While I have trimmed all my Vetiver clumps in the past, the supposition is that these hedges can be cut for mulching the beds they contain. I now have a sprinkler system located 1 metre from the ground so all I need do is ensure that the Vetiver is trimmed enough so that it does not obstruct the sprinklers' watering arc.
So far: so good.
As these beds are planted out I get to test my working hypothesis.
I should note that the beds are large and each one --2- 3 metres wide -- is separated from the other by Vetiver hedges. I've cut down on the number of --and space dedicated to -- paths, so I now walk on top of the mulched beds to harvest or pull the occasional weed.
The Vetiver hedges aren't simply boundaries: because their roots run to 2 metres deep they serve as biotic pumps, in the same sense as a clump of tree, drawing up moisture and nutrients which are then recycled at the surface. The Vetiver hedges will also prevent water run off, such that the rain and irrigation seeps directly into the soil below the beds and mulch. The hedgerow in effect creates a basin.
Ditto: wind break.
Vetiver will also protect each bed from vegetative incursions from the bed or pathway next door. They are a barrier, in effect -- top to root toe -- three metres+ tall. (Vetiver if untrimmed will grow to 1.8 metres above ground.Cutting for mulch causes the clump to thicken) .

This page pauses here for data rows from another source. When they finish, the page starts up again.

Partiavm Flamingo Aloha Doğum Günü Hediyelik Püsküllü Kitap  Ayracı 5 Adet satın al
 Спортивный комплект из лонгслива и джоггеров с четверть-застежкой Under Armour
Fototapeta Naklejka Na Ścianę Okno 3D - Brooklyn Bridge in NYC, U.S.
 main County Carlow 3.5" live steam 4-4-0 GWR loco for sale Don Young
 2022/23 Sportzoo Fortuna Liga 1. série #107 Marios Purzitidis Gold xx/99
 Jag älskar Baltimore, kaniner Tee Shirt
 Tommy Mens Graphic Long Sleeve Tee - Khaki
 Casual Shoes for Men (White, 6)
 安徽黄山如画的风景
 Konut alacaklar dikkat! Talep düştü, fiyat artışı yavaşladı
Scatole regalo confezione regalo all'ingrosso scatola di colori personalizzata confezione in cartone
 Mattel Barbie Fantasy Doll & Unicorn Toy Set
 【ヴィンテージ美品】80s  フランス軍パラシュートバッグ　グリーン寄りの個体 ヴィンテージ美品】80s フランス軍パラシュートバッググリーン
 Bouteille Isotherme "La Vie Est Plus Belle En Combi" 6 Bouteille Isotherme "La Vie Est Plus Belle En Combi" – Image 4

Once consolidated these hedges will keep the dogs off the beds and protect my plants if the chickens are let out to roam.
My sandy soil has no clay. It really is (or was just) sand -- as in beach sand. Years of adding mulches has changed its carbon quotient. All good. But with the explosion in earthworm numbers I'm wondering that the new slimy stickiness I feel when I handle the now black soil, may be due to the intensity of worm activity. Thats' one very big worm farm.
For those with heavy clay/poor draining soils the same intervention applies -- although you can also build up your beds from the getgo inside the Vetiver boundaries.The Vetiver grass hedge will keep your raised bed in place so there will be no need for edging. For those gardening on sloping land, the Vetiver hedge will prevent erosion and run off on the lower edge of your garden so long as you plant the Vetiver along a contour line.You can level your bed or not -- but leveling is preferable.
Getting Vetiver hedging going: Simple to do. Buy some Vetiver -- I started with three slips. Plant it out and divide it each time the clump reaches 8-12 stems and plant the divisions out. Do the maths. Vetiver like all grasses grows fast.